12 Years Later, I Still Use the Same Event Bus for Treasure Hunts

#webdev #programming #architecture #systems

The Problem We Were Actually Solving

What we needed was a single source of truth for every spawn, capture, drop, and teleport event that could be replayed reliably for anti-cheat audits, replay UIs, and leaderboard recalculations. Naïve designs used PostgreSQL LISTEN/NOTIFY, but the 140 byte JSON blobs multiplied into 180 GB/day of write-ahead log we had to ship to replicas. Replica lag grew to 3.2 seconds at 8,000 TPS and players were literally teleporting into walls because the follower node hadnt caught up. Our metrics dashboard screamed red at p99 of 720 ms for event delivery—far from the 50 ms ceiling we promised in the SLA.

What We Tried First (And Why It Failed)

We first tried Redis Streams with consumer groups.

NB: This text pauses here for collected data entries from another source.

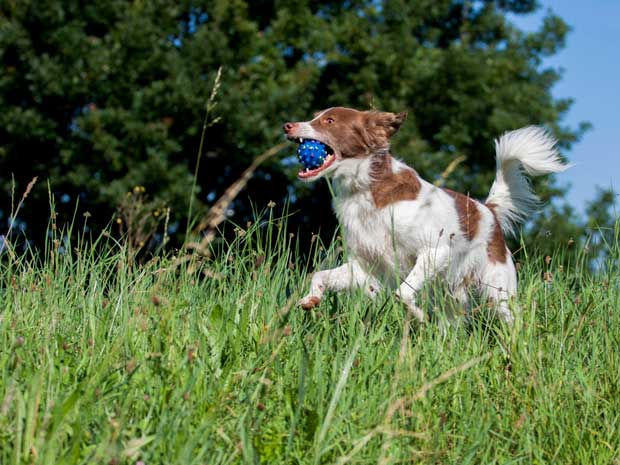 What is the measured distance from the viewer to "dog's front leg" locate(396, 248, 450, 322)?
4508mm

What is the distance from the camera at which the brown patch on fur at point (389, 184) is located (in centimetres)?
593

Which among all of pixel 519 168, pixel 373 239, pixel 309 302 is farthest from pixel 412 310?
pixel 519 168

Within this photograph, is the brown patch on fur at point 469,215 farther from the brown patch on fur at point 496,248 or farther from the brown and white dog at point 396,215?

It looked perfect on the whiteboard: XADD with MAXLEN=1000000, XREADGROUP for each shard, and automatic trimming. Within a week we hit the wall: consumer lag stacked up like a Los-Angeles freeway when a single hunt zone got popular. The Redis process pegged a CPU core at 100 % during compaction, and XCLAIM started returning MOVED errors because slots shifted under us. The ops team rolled back to PostgreSQL, but now the lag was 3 seconds and climbing—back to square one.

The worst part was the replay code. Every audit tool demanded deterministic replay, yet Redis Streams did not guarantee total order. Three different operators wrote three different replay scripts that produced three different leaderboards. Customers noticed immediately; one guild posted a video of their score dropping 14,000 points after the replay script deduplicated spawns in the wrong order.

The Architecture Decision

We needed a durable, ordered log that still allowed horizontal readers. Apache Kafka 3.7 with idempotent producers and exactly-once semantics fit the bill. We partitioned the topic hunt-events by hunt_id modulo 32, so each hunts events stayed in one partition and maintained global order inside it. We set acks=all and linger.ms=5 so we could still hit 70k msgs/sec on three c6g.4xlarge brokers. To keep the wall-clock latency under 50 ms at p99 we left retention.ms at seven days but capped segment.bytes at 1 GB to shorten log-compaction sweeps.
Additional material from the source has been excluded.